Family of Strangers
Growing up as an only child in both Malaysia and The Netherlands, I didn't see people in my family who looked like me.
For this project I took to the streets and asked over 50 people, who looked similar to me, to participate in a photo series which I presented as my family of strangers.
I wanted to understand how important visual representation was to each of them and how they felt about their cross-cultural identities, by exploring what it means to be "mixed".
PHOTOGRAPHY, RESEARCH & GRAPHIC DESIGN / Jowi Len Kemper
September '18
I approached complete strangers on the street and invited them into my living room where we posed as an ordinary family. The process was so weird yet somehow also very comfortable, as if we already shared a certain understanding. Not a single person I approached declined to have their picture taken.
Family of Strangers was an attempt to create better representation and understanding of Cross-Cultural identities. This liminal identity can still be confusing if asked to conform to a Mono-Cultural environment, where do you belong if you can fit in everywhere and simultaneously nowhere?

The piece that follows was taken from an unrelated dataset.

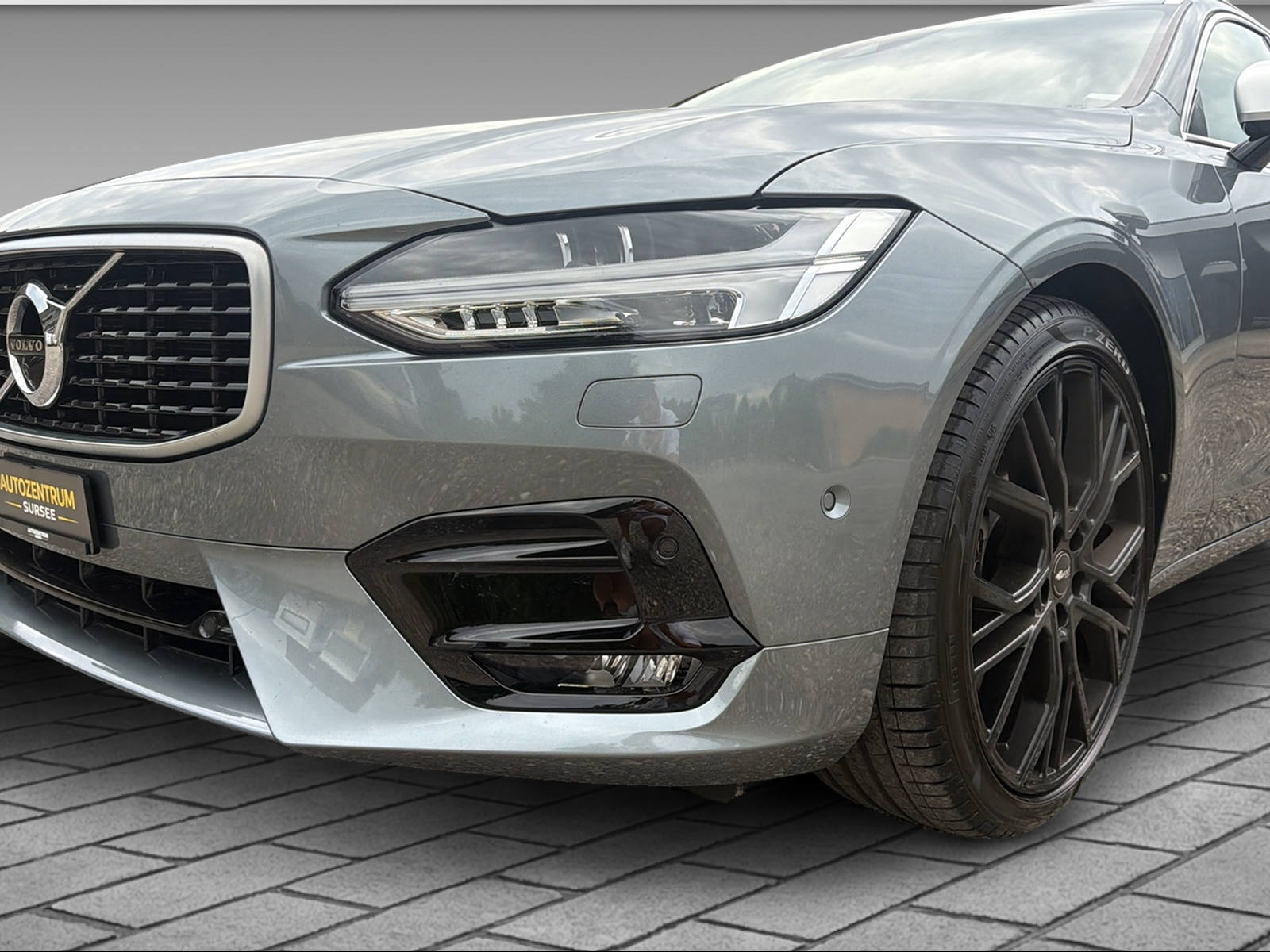 VOLVO V90 2.0 T6 R-Design AWD-image-1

The result was a research conclusion that led me to believe that the value of Cross-Cultural identities lies in the ability to code-switch, a skill we desperately need in our ever-globalizing world.
The results were displayed during an expo at the Willem de Kooning Academy of Arts in 2018, I asked visitors to find complete strangers who they felt looked like them and pose as their own Family of Strangers. This allowed for conversations to open up about identity, belonging and representation.